AMARILLO, Texas (AP) — Some Texas Panhandle school districts have dug wells or installed artificial turf to keep athletic fields and campuses green in response to water prices rising since the 2011 drought.
Les Hoyt, chief financial officer of the Amarillo Independent School District, says school officials began looking for ways to conserve water about 10 years ago. The district back then used about 500 million gallons annually.
Amarillo ISD installed watering systems that monitor the weather and adjust for conditions, took on landscaping projects that don't need irrigation and added artificial turf athletic fields at all of its high schools, saving several million gallons of water a year on each campus, Hoyt said.
Amarillo ISD's water use was down to about 356 million gallons last year, but the cost for that water rose, the Amarillo Globe-News (http://bit.ly/1rfdtil ) reported Sunday.
During fiscal 2010 and 2011, Amarillo ISD was on a flat rate for irrigation — $2.90 per thousand gallons in fiscal 2010 — rather than the city's progressive rate that charges customers higher rates for using more water. Four years later, the district's irrigation rate reached a rate of $4.65 per thousand gallons.
"Water rates have affected us dramatically from a budgetary standpoint," Hoyt said. "We know there will be an escalation every year in the rate, so we take that into consideration when we're building the budget."
Other area districts are also dealing with drought conditions and rising water costs.

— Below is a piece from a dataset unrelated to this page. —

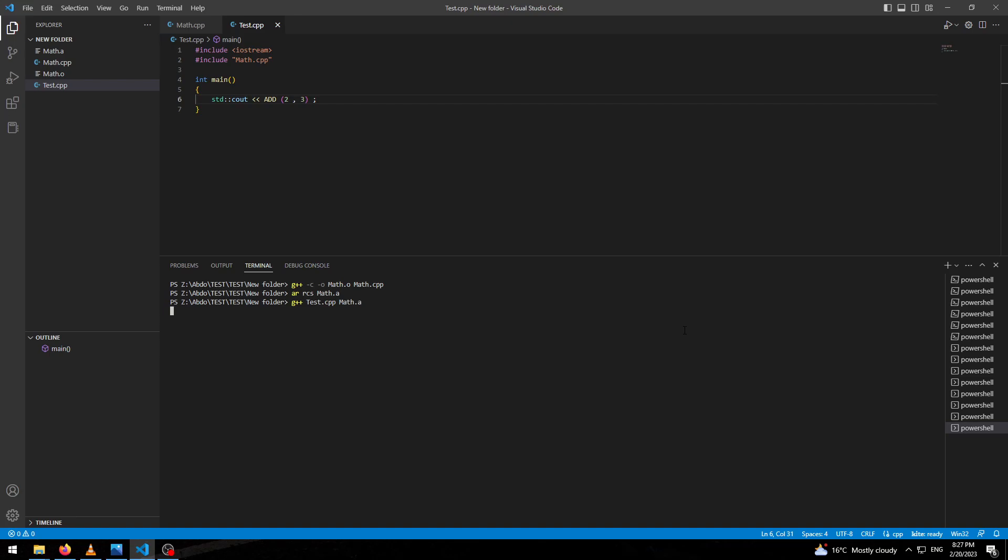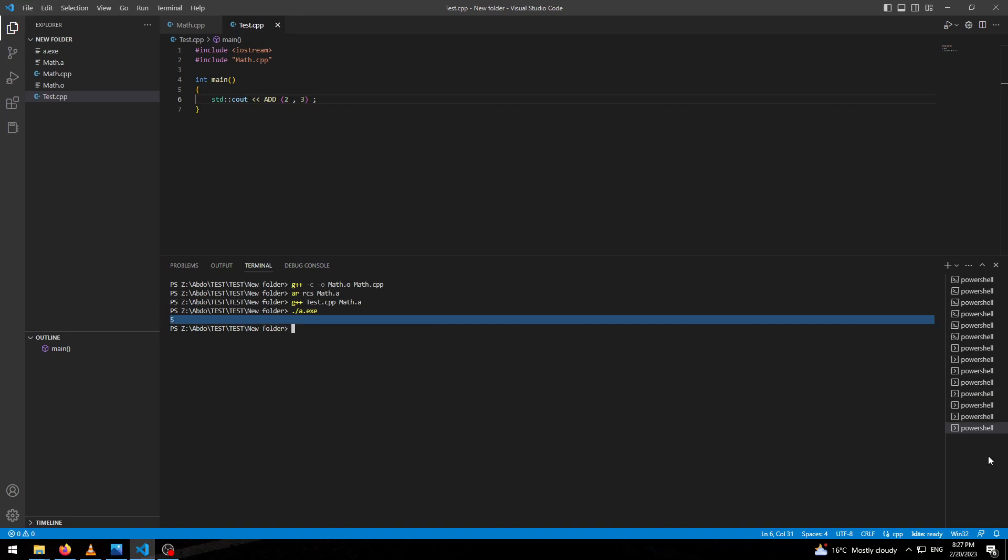And we will output our executable file, and it will give us the right result. Thank you.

"It's something we're really cognizant of," said Randy McDowell, assistant superintendent of Canyon Independent School District. "We want to save all the water that we can. At the same time, we've got a lot of facilities, and our communities and our taxpayers don't want to pull up and see all dirt but you have to find a balance there."
Canyon ISD in 2011 drilled two wells at Canyon and Randall high schools for about $75,000 each, McDowell said. The wells deliver water for 10 percent the cost of city water. CISD has since added two more $70,000 wells to reduce water costs at two other schools.
Potter County remains in an exceptional drought and Randall County in extreme drought, according to last week's report from the U.S. Drought Monitor.